■ Exercise details:
Pictures are to be left out, and only the lines from the one containing "Petite étagère murale" through the last line of the data are to be returned exactly.

(Given data Opens)

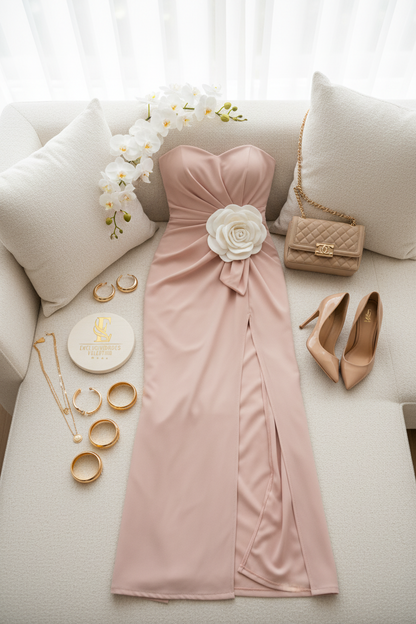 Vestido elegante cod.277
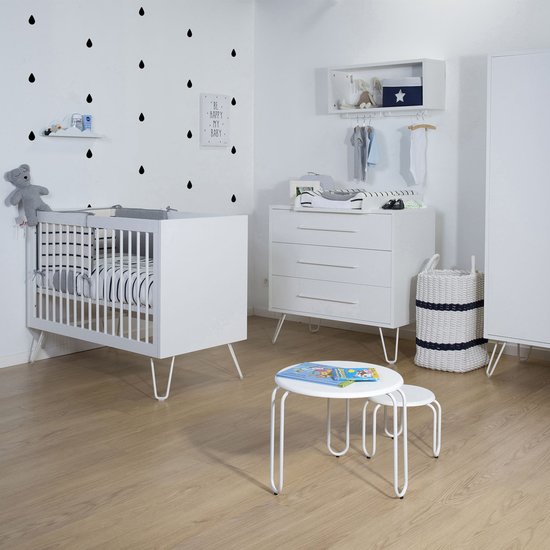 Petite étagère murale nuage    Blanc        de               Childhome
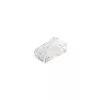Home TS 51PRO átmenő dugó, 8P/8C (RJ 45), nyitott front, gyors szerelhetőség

(Given data Closes)

■ Written response:
 Petite étagère murale nuage    Blanc        de               Childhome
Home TS 51PRO átmenő dugó, 8P/8C (RJ 45), nyitott front, gyors szerelhetőség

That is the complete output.